Bin Dong, Beijing International Center for Mathematical Research, Peking University
601 Pao Yue-Kong Library
Deep learning continues to dominate machine learning. It is now widely used in many research areas in science and engineering, and has major industrial impacts. Deep learning methods have achieved remarkable results in a variety of tasks, especially in a supervised learning environment. They have surpassed, or as good as, human in Go, playing video games, accurately identifying objects in images and videos, diagnosing certain diseases from medical images, etc.

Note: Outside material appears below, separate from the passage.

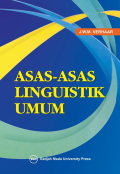 Asas - asas linguistik umum (cetakan 9 tahun 2016)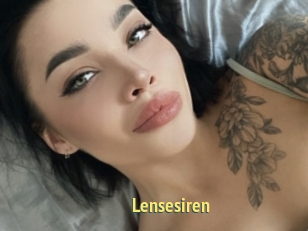 Lensesiren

In this talk, I will start with a brief review of classical (pre deep learning) image restoration methods, followed by some recent applications of deep learning in image restoration and image analysis. I will present my personal understanding of deep learning in image restoration from the perspective of applied mathematics, which inspired two of our recent work on combining numerical differential equation and deep convolutional architecture design. One is to design transparent deep feed-forward convolutional networks to accurately predict dynamics of complex systems and to uncover the underlying hidden PDE models. The other one is to interpret some of the state-of-the-art deep CNNs, such as ResNet, FractalNet, PolyNet, RevNet, etc., in terms of numerical (stochastic) differential equations; and to propose new deep architectures that can further improve the prediction accuracy of the existing networks in image classification.